The official Model Context Protocol Go SDK (maintained by Anthropic) did not enable DNS rebinding protection by default for HTTP-based MCP servers running on localhost. Any malicious website visited on the same machine could exploit DNS rebinding to bypass the browser's same-origin policy and send arbitrary requests to the developer's local MCP server — invoking tools and accessing resources using the developer's own credentials and permissions. The issue affects servers using StreamableHTTPHandler or SSEHandler; stdio transport is not affected. Fixed in v1.4.0, which enables protection by default.
The attack mechanism: DNS rebinding resolves a malicious domain to 127.0.0.1 after the browser's initial connection, allowing the attacker-controlled page to make cross-origin requests to the local MCP server as if it were same-origin. Developers routinely run local MCP servers with production credentials, broad filesystem access, and no authentication — making this the default attack surface for any developer machine.
This is the third MCP Go SDK security issue in 90 days (CVE-2026-27896 JSON parsing bypass, CVE-2026-25536 session state sharing, now CVE-2026-34742).
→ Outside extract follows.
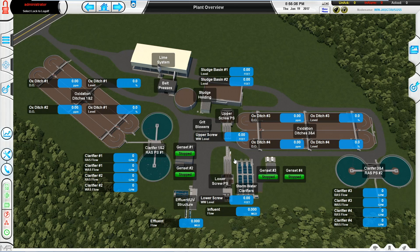This is Eric Doepke with MR Systems. The purpose of this video is to demonstrate the difference between the realistic view and the process view on our HMI applications.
The pattern indicates systematic gaps in the official SDK's security posture, not isolated bugs. With MCP adoption accelerating across enterprises, the official SDK's security track record is now a category risk.
Immediate recommendation: Update the MCP Go SDK to v1.4.0 immediately. If you cannot update, never run MCP HTTP servers on localhost without authentication; use stdio transport for local development instead.